They spoke out after the Equality and Human Rights Commission (EHRC) refused to follow through on plans for an inquiry into multiple deaths linked to the DWP’s failings.

The Commission has instead announced plans for a voluntary agreement with the DWP that will commit the department to follow an action plan aimed at “resolving issues for DWP customers”.

The details of the so-called section 23 agreement are not likely to be released until the summer but will require the DWP to “improve its treatment of disabled benefit claimants” and not breach its duties under the Equality Act.

Alison Burton is the daughter-in-law of Errol Graham, who starved to death after the DWP wrongly stopped his employment and support allowance (ESA), leaving him without any income.

She said the section 23 agreement was another bit of pressure on the DWP but was “nowhere near enough”.

She said it showed the continuing issues around trusting both the DWP and EHRC, after it backed out of its promise to hold an inquiry.

She said: “They will never be able to restore public trust without that inquiry.
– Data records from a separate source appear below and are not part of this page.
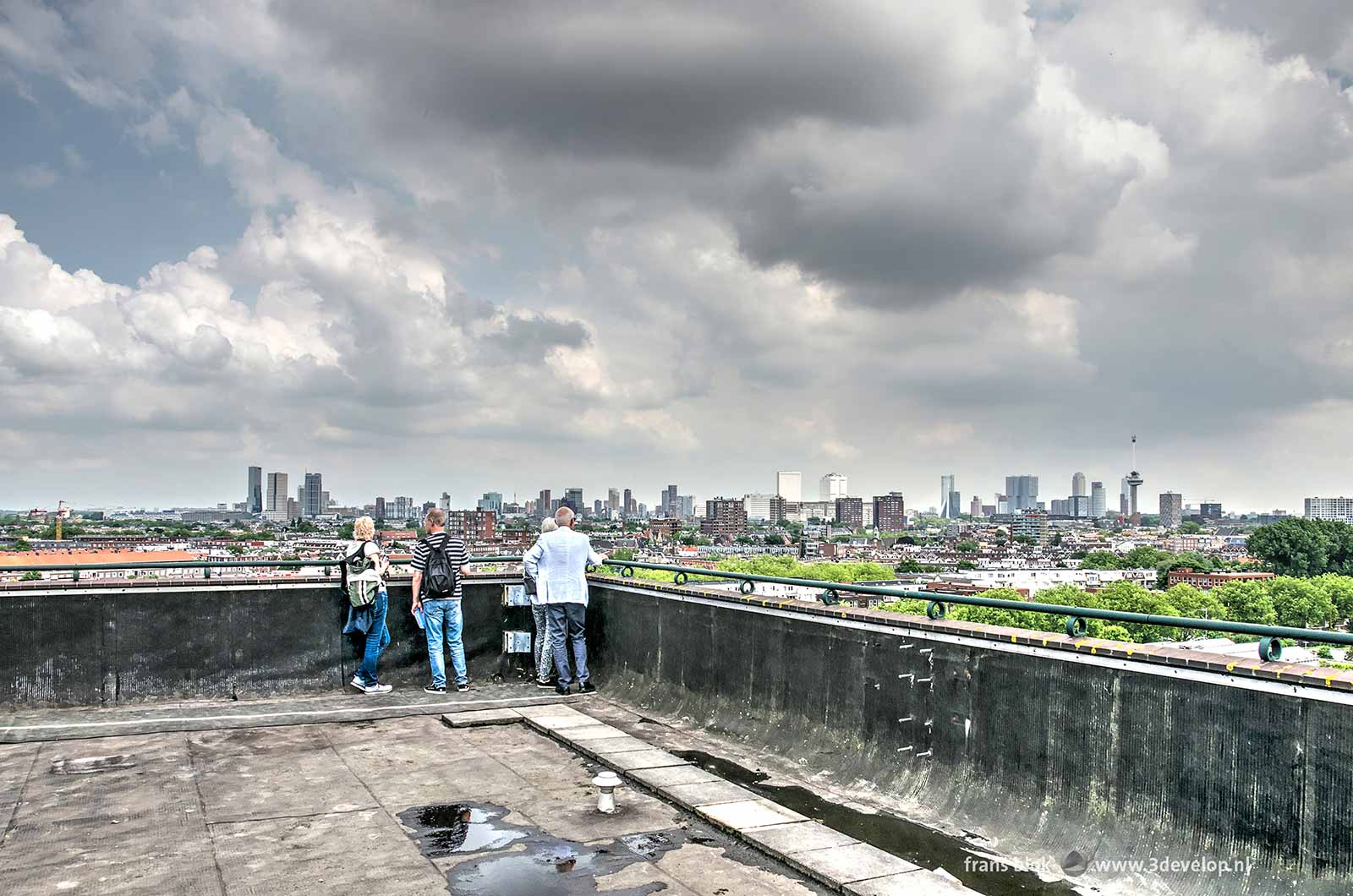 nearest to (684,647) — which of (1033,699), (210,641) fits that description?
(1033,699)

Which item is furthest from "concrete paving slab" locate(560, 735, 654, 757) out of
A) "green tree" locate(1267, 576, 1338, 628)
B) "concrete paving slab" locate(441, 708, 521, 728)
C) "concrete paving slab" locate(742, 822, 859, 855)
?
"green tree" locate(1267, 576, 1338, 628)

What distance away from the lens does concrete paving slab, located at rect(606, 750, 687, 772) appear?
317 inches

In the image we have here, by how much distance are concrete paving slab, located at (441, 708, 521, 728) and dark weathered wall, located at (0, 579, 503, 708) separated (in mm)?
2413

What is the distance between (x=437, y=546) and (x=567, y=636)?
192 centimetres

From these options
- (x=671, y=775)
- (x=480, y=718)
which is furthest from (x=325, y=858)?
(x=480, y=718)

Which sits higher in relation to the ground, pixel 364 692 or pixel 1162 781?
pixel 1162 781

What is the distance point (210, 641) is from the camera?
36.9ft

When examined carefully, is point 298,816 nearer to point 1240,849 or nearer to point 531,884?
point 531,884

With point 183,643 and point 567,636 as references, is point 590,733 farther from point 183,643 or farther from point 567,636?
point 183,643

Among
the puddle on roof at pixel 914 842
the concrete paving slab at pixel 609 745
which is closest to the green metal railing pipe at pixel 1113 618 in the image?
the puddle on roof at pixel 914 842

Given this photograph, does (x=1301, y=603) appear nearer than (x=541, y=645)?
No

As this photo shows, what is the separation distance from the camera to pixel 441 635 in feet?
39.4

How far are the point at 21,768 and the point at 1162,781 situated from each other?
8.31 metres

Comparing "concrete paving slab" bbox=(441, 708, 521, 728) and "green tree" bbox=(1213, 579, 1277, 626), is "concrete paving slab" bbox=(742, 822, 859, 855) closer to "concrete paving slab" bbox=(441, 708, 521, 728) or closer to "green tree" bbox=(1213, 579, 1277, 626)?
"concrete paving slab" bbox=(441, 708, 521, 728)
That’s the only way [the] DWP are going to be able to wipe the slate clear and build for a better future. There will always be questions and mistrust with that department until they clear the skeletons out of the closet. The public inquiry is the only thing that will even go an inch towards restoring the damage that has been caused.”
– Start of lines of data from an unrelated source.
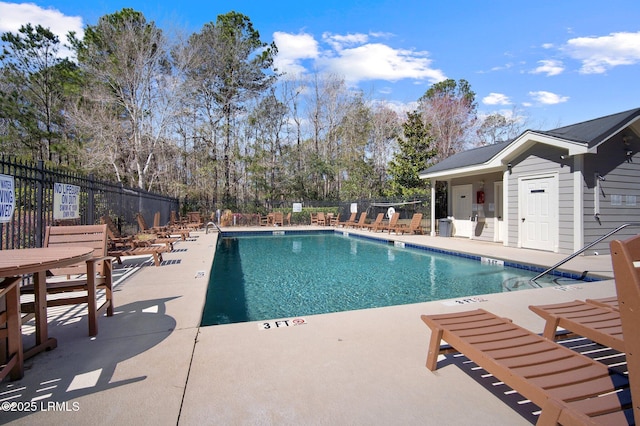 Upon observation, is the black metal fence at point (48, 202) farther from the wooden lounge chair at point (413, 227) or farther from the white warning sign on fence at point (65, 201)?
the wooden lounge chair at point (413, 227)

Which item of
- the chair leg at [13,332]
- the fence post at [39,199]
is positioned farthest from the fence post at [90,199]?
the chair leg at [13,332]

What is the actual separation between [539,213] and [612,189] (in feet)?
4.79

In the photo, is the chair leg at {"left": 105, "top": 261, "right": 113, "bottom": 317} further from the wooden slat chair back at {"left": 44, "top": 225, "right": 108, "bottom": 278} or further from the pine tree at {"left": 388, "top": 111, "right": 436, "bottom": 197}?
the pine tree at {"left": 388, "top": 111, "right": 436, "bottom": 197}

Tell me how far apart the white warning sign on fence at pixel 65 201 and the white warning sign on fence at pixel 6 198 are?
1.20 meters

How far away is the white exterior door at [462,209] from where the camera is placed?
1115 cm

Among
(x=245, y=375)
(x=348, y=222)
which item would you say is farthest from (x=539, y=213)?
(x=348, y=222)

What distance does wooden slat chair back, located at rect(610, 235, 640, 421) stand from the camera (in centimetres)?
101

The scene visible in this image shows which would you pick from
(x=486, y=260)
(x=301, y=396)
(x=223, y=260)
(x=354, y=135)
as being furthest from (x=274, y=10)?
(x=301, y=396)

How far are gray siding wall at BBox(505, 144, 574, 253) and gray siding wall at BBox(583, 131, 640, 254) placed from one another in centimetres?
29

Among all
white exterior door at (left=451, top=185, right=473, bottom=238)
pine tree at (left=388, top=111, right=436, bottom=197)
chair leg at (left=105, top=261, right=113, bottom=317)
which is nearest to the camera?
chair leg at (left=105, top=261, right=113, bottom=317)

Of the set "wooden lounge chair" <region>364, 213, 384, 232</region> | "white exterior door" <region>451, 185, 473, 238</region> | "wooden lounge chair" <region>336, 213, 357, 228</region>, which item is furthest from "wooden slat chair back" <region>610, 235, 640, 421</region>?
"wooden lounge chair" <region>336, 213, 357, 228</region>

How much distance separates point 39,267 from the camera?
182 centimetres

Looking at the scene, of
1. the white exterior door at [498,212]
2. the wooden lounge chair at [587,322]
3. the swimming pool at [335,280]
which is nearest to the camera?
the wooden lounge chair at [587,322]

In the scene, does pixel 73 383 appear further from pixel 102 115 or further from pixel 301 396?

An inquest in January 2021 uncovered 28 separate problems with the personal independence payment system that helped cause the death of Philippa Day in October 2019.

Her sister Imogen Day said that the EHRC had failed those who have been left bereaved by the DWP’s actions: “An independent inquiry is necessary to prevent further deaths and acts of serious harm. Without an inquiry it is clear that more failings will continue to be made.”
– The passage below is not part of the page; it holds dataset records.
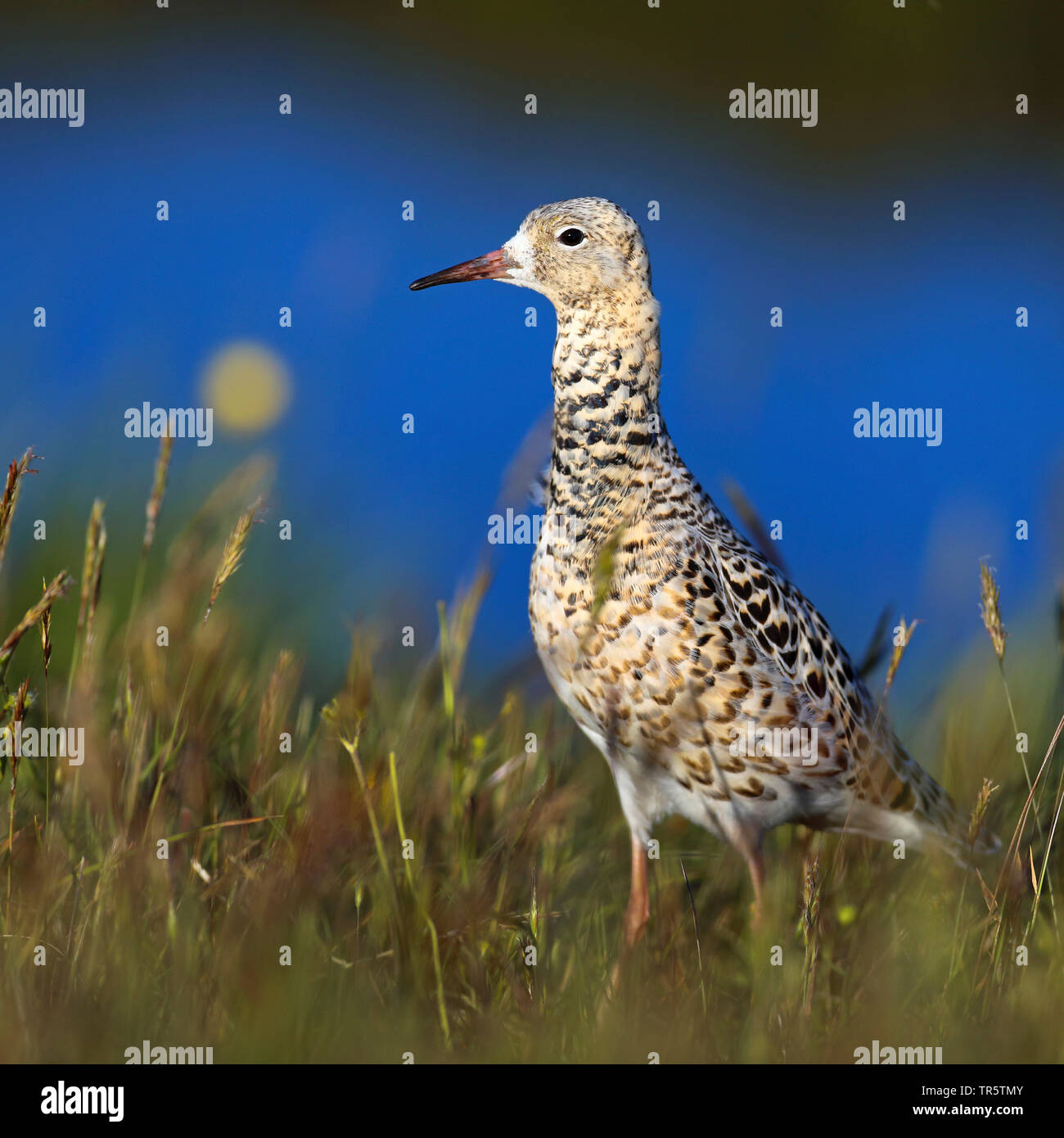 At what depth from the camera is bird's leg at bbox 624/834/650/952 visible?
131 inches

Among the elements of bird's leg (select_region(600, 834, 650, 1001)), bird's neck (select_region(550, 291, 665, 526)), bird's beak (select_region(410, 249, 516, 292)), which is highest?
bird's beak (select_region(410, 249, 516, 292))

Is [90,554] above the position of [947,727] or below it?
above

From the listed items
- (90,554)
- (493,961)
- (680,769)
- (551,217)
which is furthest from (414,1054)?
(551,217)

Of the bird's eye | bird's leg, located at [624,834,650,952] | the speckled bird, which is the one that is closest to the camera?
the speckled bird

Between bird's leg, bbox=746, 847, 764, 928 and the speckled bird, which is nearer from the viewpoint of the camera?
the speckled bird

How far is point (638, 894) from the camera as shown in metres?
3.41

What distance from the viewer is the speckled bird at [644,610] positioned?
3111 mm

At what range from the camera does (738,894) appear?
3680 mm

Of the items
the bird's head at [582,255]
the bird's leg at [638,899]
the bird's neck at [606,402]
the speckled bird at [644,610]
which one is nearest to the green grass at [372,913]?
the bird's leg at [638,899]

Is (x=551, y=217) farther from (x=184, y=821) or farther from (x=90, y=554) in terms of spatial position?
(x=184, y=821)

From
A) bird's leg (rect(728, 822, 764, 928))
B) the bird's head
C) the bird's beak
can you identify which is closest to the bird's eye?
the bird's head

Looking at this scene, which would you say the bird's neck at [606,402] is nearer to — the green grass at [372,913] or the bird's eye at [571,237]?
the bird's eye at [571,237]

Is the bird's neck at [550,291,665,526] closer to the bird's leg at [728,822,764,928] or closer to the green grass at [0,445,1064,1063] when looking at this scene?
the green grass at [0,445,1064,1063]

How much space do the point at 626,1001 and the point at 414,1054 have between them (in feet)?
1.56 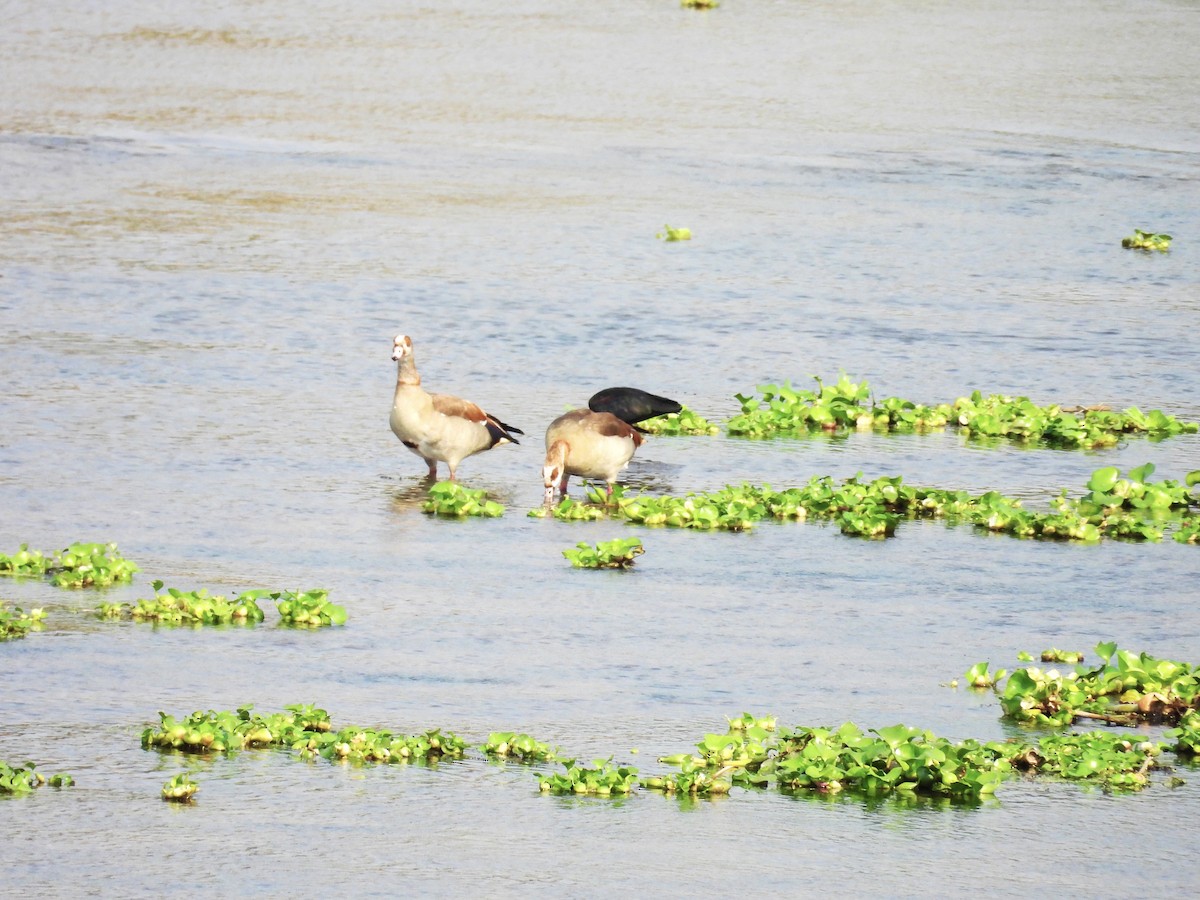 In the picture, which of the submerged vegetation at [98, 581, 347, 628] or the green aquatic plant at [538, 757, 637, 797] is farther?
the submerged vegetation at [98, 581, 347, 628]

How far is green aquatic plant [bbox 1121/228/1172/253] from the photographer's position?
21.5 metres

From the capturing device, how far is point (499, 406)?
15.0m

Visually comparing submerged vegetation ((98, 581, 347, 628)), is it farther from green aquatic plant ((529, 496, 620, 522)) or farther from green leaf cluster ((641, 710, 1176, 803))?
green aquatic plant ((529, 496, 620, 522))

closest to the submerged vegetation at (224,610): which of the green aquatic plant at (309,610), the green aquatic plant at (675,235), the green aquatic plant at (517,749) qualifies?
the green aquatic plant at (309,610)

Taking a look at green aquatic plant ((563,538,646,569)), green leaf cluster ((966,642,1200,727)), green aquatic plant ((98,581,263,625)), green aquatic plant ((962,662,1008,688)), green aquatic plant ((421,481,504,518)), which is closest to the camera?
green leaf cluster ((966,642,1200,727))

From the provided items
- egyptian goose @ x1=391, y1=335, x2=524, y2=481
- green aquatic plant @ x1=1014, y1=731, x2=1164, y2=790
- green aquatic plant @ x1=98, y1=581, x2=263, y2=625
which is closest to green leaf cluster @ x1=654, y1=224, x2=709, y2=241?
egyptian goose @ x1=391, y1=335, x2=524, y2=481

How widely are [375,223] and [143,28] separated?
14.1 m

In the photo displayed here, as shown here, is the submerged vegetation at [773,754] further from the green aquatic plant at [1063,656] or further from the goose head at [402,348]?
the goose head at [402,348]

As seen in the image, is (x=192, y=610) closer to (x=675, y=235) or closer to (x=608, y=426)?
(x=608, y=426)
Jodey Whiting took her own life in February 2017, 15 days after she had her ESA wrongly stopped for missing a work capability assessment.

Her mother Joy Dove said that EHRC’s failure to carry out an inquiry was “not good enough”.

She said: “We need an inquiry to get to the truth about the failings. Having an inquiry is the right thing to do so all the families can get some peace.”

The EHRC had originally promised to carry out an inquiry after being approached in April 2019 by Labour MP Debbie Abrahams, a former Shadow Work and Pensions Secretary.

Ms. Abrahams said that although the section 23 agreement was “a step forward” it was “just not good enough” and there needed to be “a full independent transparent inquiry looking at the scale of the deaths, the responsibility round the culture of the organisation, and the policies that contributed to it”.

Ken Butler DR UK’s Welfare Rights and Policy Officer said: "It’s welcome that the EHRC is now taking action on this issue as are any positive DWP reforms that result. However, what’s still needed is a full public inquiry to fully learn from the DWP’s past failures and a new, independent process to investigate future cases of death and serious harm."